The Max Max has the worst rims in the industry...AWFUL!!!! That being said the geometry of the bike is so fun...I like it better than my Riot.

Matt has his Max Max set up for a 15.25" chainstay and is a couple of lbs. lighter than the Thunderbird. The thing about the Max Max is you will probably spend more $$$ on it. Matt says it's worth the extra cost. At your budget I don't think that would work.


























If you want a great out-of-the-box bike, I say go with the Eastern.


----------



## joelalamo45 (Aug 3, 2006)

I wish I had some extra coin lying around... that Eastern would be mine.


----------



## xDetroitMetalx (Mar 19, 2009)

I like the sound of the Riot, if it's solid I'd buy that!

*Edit*

I forgot to mention, I was looking at the Thunderbird today and the 21.5" TT scares me as does the wheel to wheel distance. Did you notice much front wheel to foot overlap? The geometry just seems like it won't work for my 11.5 feets : (


----------



## Foreveralout (Jun 20, 2008)

get the eastern, then save up some money and upgrade your fork.


----------



## markf (Jan 17, 2007)

xDetroitMetalx said:


> I like the sound of the Riot, if it's solid I'd buy that!
> 
> *Edit*
> 
> I forgot to mention, I was looking at the Thunderbird today and the 21.5" TT scares me as does the wheel to wheel distance. Did you notice much front wheel to foot overlap?

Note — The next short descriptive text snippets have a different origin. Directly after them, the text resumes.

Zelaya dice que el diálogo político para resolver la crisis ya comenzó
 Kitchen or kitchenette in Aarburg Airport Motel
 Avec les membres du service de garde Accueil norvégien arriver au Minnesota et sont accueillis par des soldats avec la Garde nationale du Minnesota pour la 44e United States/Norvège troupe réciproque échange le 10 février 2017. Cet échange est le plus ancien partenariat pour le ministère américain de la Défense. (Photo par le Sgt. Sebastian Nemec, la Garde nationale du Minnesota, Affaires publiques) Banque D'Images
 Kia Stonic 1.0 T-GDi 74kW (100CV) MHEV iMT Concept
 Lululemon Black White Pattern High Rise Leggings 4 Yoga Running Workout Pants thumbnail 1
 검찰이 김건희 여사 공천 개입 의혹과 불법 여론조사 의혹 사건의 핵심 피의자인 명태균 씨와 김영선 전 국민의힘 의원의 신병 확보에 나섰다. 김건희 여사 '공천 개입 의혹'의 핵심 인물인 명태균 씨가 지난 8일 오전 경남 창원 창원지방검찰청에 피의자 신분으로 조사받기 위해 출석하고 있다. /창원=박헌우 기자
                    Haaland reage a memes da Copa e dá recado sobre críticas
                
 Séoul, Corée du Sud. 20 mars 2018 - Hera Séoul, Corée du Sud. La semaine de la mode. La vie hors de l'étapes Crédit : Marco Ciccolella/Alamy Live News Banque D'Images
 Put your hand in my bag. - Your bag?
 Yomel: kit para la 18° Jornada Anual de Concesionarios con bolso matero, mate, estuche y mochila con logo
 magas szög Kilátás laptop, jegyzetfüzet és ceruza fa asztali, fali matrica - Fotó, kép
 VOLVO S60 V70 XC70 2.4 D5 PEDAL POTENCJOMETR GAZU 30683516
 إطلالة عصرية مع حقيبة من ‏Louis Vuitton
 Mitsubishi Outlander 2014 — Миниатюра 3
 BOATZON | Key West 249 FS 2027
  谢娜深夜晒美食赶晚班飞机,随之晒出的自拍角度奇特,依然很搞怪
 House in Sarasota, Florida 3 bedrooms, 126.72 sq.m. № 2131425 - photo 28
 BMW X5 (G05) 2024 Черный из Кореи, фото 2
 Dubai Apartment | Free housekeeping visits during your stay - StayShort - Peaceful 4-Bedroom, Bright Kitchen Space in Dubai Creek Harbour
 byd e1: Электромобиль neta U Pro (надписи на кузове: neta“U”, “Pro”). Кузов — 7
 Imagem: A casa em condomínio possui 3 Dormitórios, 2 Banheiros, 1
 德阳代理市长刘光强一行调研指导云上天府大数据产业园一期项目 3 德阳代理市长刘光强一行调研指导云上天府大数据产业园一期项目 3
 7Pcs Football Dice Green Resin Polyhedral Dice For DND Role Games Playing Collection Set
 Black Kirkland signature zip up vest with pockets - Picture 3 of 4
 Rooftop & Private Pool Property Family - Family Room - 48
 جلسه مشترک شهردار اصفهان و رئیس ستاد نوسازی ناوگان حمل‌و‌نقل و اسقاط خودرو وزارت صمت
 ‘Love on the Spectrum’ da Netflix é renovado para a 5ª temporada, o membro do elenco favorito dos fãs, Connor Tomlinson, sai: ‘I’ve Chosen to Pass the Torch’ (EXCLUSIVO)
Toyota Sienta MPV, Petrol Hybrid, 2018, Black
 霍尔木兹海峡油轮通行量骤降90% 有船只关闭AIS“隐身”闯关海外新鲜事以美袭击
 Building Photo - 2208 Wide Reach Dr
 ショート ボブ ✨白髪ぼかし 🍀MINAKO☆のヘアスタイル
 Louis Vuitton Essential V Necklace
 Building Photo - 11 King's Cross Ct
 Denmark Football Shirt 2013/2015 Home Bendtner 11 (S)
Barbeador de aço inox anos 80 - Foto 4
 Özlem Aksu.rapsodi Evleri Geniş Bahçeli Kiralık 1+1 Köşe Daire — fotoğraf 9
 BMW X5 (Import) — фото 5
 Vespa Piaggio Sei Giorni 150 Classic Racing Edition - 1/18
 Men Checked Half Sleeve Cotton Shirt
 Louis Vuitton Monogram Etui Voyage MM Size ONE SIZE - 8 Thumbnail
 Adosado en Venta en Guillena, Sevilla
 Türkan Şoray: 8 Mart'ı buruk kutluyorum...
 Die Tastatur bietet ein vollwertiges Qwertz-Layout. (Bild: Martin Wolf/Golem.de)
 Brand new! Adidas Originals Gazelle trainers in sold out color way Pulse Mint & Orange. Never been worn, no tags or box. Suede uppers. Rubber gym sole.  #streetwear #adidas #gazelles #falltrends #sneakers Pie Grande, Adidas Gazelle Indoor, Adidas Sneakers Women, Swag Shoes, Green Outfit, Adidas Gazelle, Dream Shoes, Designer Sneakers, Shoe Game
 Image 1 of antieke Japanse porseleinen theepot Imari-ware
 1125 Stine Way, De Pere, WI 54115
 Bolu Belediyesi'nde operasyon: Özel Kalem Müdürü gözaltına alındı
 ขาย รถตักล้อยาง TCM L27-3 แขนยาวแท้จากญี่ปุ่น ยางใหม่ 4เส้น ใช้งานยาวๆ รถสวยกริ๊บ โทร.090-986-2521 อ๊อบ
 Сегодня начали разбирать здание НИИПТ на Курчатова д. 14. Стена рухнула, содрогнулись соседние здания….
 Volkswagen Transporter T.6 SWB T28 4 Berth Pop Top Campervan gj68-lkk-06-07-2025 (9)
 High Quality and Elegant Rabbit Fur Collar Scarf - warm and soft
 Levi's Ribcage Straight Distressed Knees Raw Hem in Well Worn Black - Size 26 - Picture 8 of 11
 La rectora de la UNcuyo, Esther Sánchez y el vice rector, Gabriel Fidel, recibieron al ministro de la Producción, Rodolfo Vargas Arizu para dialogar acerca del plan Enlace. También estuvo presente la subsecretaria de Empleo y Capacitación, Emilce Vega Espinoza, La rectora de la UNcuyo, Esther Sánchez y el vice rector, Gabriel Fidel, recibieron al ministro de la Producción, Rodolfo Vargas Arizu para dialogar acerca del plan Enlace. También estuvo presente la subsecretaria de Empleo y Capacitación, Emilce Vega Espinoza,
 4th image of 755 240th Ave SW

The geometry just seems like it won't work for my 11.5 feets : (


13 here and have never had a problem with toe overlap. the eastern rides just like the bmx bikes i had when i was a kid (20-ish years ago) just with bigger wheels. super fun.


----------



## joelalamo45 (Aug 3, 2006)

I'm a size 13 as well and the tire scrub issue is next to nothing. 

Agency, how about a two year payment plan on that Thunderbird you have?


----------



## xDetroitMetalx (Mar 19, 2009)

markf said:


> 13 here and have never had a problem with toe overlap. the eastern rides just like the bmx bikes i had when i was a kid (20-ish years ago) just with bigger wheels. super fun.


I'm looking at getting a new frame. The 09 GT Chucker's were designed for more free riding than park/DJ so I get some massive toe overlap even with their 22" TT. Probably because the fork rake goes so far out. I really want the S&M/Blk Mrkt "The Mob" though, so sexy.


----------



## The Agency (Jun 28, 2005)

joelalamo45 said:


> I'm a size 13 as well and the tire scrub issue is next to nothing.
> 
> Agency, how about a two year payment plan on that Thunderbird you have?


We are all ready going to fix your Jeep's steering and you want a payment plan!?!? See you tomorrow dude...


----------